Information: Begin

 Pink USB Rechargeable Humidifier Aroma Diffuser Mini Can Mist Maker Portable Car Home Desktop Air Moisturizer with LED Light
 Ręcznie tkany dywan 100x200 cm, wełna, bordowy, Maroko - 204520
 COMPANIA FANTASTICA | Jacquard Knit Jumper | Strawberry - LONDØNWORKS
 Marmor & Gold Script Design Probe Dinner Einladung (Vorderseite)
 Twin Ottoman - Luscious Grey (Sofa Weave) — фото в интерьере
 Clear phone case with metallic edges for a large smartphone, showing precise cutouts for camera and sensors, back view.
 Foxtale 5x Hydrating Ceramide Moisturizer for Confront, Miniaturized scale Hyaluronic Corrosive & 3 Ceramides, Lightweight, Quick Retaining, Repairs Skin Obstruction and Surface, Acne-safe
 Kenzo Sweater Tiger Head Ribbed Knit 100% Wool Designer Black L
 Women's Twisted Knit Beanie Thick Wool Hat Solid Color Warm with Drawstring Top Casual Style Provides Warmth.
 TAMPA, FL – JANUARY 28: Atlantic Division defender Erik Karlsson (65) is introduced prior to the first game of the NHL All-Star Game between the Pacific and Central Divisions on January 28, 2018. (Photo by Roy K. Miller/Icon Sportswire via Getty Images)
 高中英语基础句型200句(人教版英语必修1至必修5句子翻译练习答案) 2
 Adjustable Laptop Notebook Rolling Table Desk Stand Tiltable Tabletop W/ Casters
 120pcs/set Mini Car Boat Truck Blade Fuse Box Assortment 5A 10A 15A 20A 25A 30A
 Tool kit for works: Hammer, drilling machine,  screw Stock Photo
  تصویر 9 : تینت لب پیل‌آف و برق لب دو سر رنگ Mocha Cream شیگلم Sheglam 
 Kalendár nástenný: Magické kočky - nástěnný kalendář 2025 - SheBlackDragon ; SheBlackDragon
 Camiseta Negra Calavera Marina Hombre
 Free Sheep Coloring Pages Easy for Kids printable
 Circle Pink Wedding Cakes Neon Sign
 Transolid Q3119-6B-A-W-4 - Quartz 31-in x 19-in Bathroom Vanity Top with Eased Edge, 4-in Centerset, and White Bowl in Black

Information: End

* **What you are asked to do**
Please retype exactly the line containing "تصویر 9 : تینت" and each line after it to the end of the records, and nothing more.

* **Solution for this task**
  تصویر 9 : تینت لب پیل‌آف و برق لب دو سر رنگ Mocha Cream شیگلم Sheglam 
 Kalendár nástenný: Magické kočky - nástěnný kalendář 2025 - SheBlackDragon ; SheBlackDragon
 Camiseta Negra Calavera Marina Hombre
 Free Sheep Coloring Pages Easy for Kids printable
 Circle Pink Wedding Cakes Neon Sign
 Transolid Q3119-6B-A-W-4 - Quartz 31-in x 19-in Bathroom Vanity Top with Eased Edge, 4-in Centerset, and White Bowl in Black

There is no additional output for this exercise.